Matt Corallo's definition: A covenant consumes certain states, constrains spending transactions based on that state, and propagate a modified version of that state to a new UTXO.
Programming definition: A function capable of calling itself, whether or not it is self-replicating (popular definition) or captures state from its inputs to act on at its termination (Corallo's definition).
Building on this, the article maps potential covenant designs in a Venn diagram (right) and argues that whether covenants are "self-propagating" is not a critical design consideration. More important is the capability to enable advanced protocols (e.g., hashrate escrows) through state transforming, and most importantly, the factor of granularity, which defines how specific the covenant design is regarding what portions of the transaction it constrains. Only a high granularity, state transforming covenant design enables CatVM, AMMs, or DEXs.

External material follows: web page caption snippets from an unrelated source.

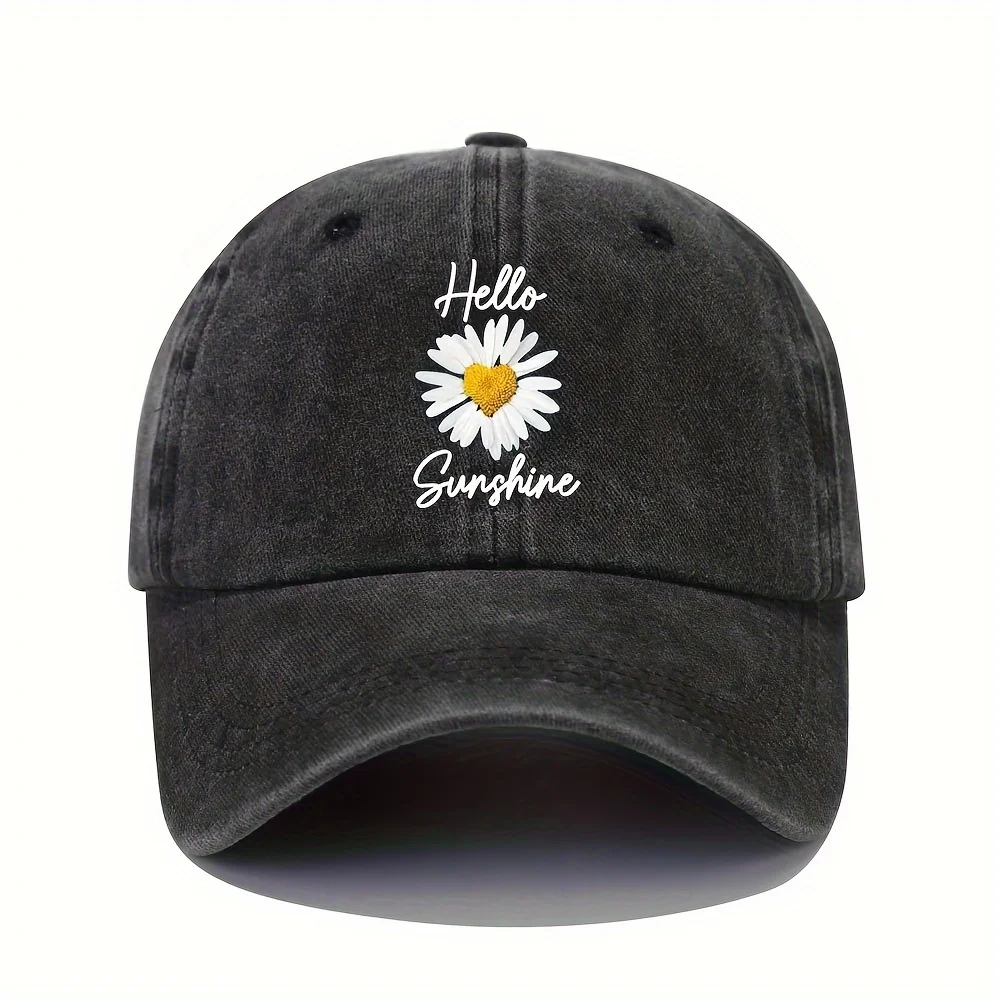 Hello Sunshine Vintage Daisy Print Baseball Cap - Lightweight Adjustable Dad Hat with Curved Brim, Retro Daisy, Suitable for Cas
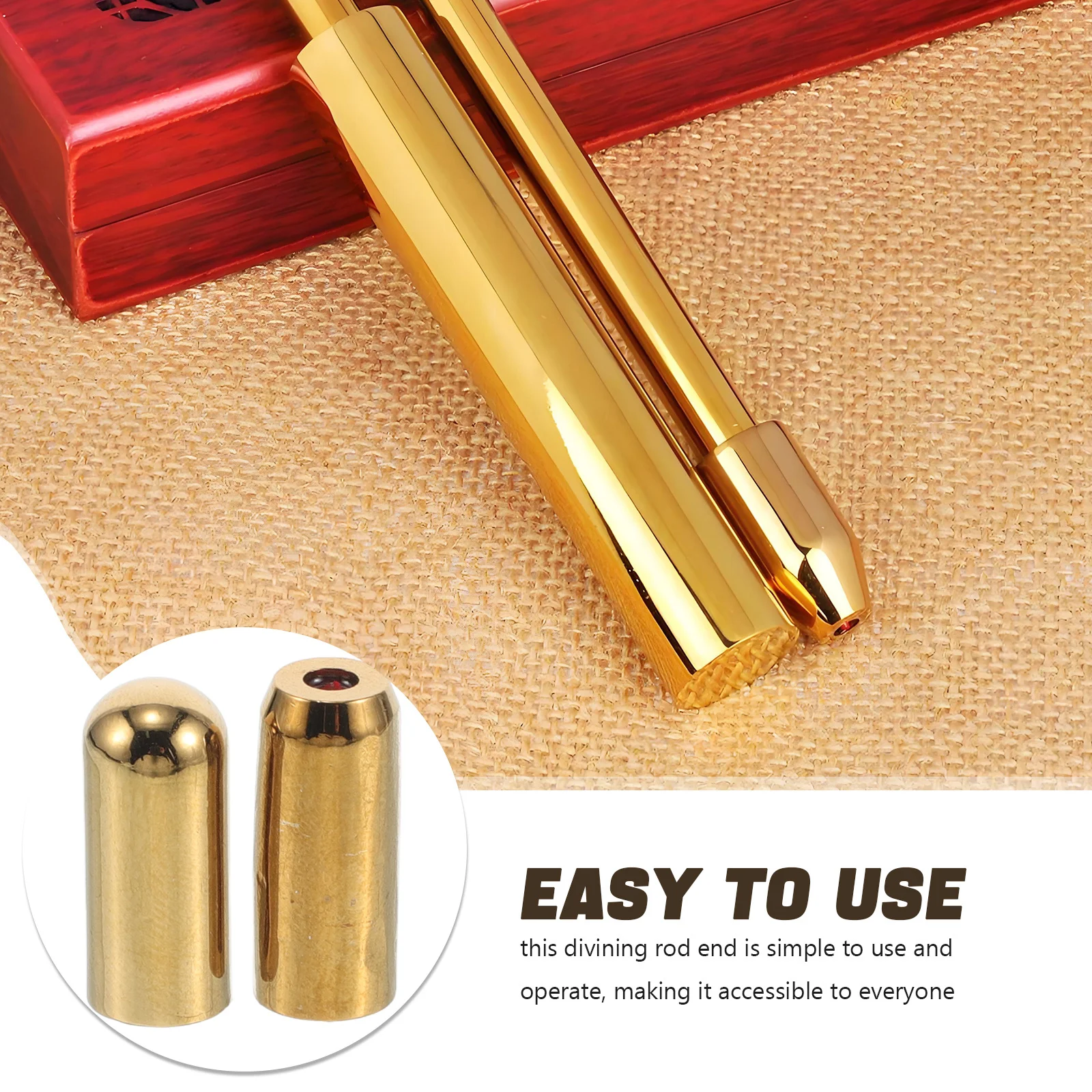 2 Stück Präzisions-Metall-Wünschelrute-Teile, vordere und eindkappen, Wahrsagestab-Zubehör für die Wasserschatzsuche, Energiesuchung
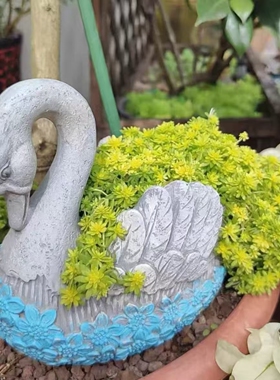 天鹅花盆欧式网红白鹅园艺庭院植物多肉盆器阳台民宿动物水景造景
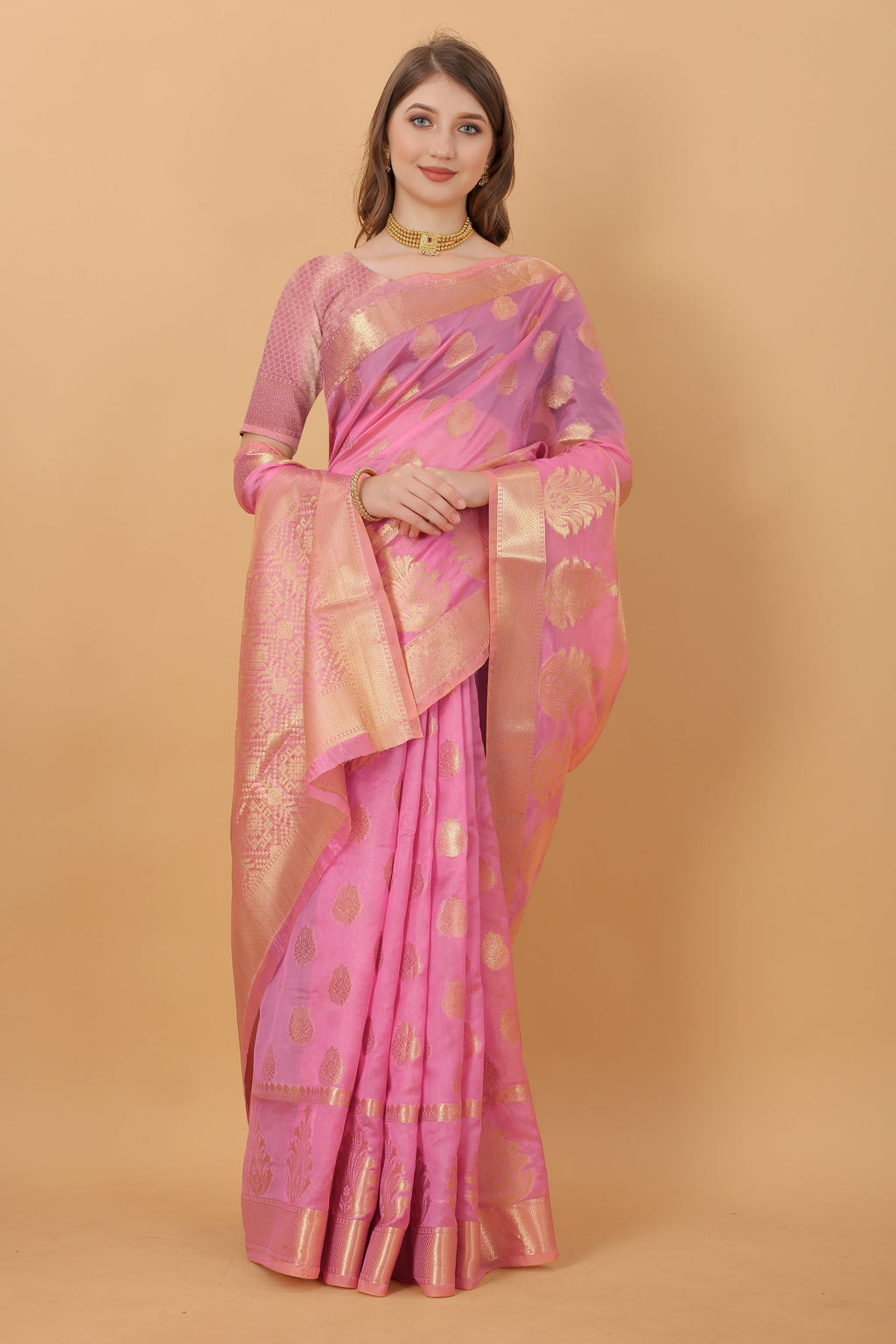 Vedant Vastram Organza Silk Banarasi Silk Saree - Pink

Nostrability: Enhancing Compatibility Among Different Nostr Clients and Relays
Nostrability (GitHub repo) provides practical documentation on how various Nostr applications and relays can collaborate. Generating a Nostrability report requires at least two Nostr applications and/or relays. The project aims to improve compatibility between different Nostr clients, enabling easier accessibility.
What Gives Meme Coins Their Value?
The article outlines three key elements that contribute to the value of crypto tokens:
- Store of value
- Cash flow or transaction demand
- Memes, narrative, and attention value
These components aren't mutually exclusive. Tokens typically embody a unique mix of all three elements, and this balance can shift as the project matures and evolves. For instance, Bitcoin incorporates all three but is primarily a store of value, while Ethereum and Solana derive most of their value from transaction and activity-based demand. In the realm of meme coins, Doge has a strong community and attention, making it a store of value for its loyal holders. Bonk started as a meme coin in the Solana ecosystem but later developed utility through applications like BonkBot, enabling sustainable value through genuine transactional demand and value accumulation.
The author argues that despite their seemingly frivolous and speculative nature, meme coins have deeper significance—they represent the fusion of tokens, communities, and culture. Meme coins embody the purest ideals of decentralization and fairness in the crypto ecosystem, demonstrating that sustainable value can be created through community participation and transparent operations without complex technology or financial products. This highlights blockchain's potential to transcend speculative hype and point toward new forms of social networks and services.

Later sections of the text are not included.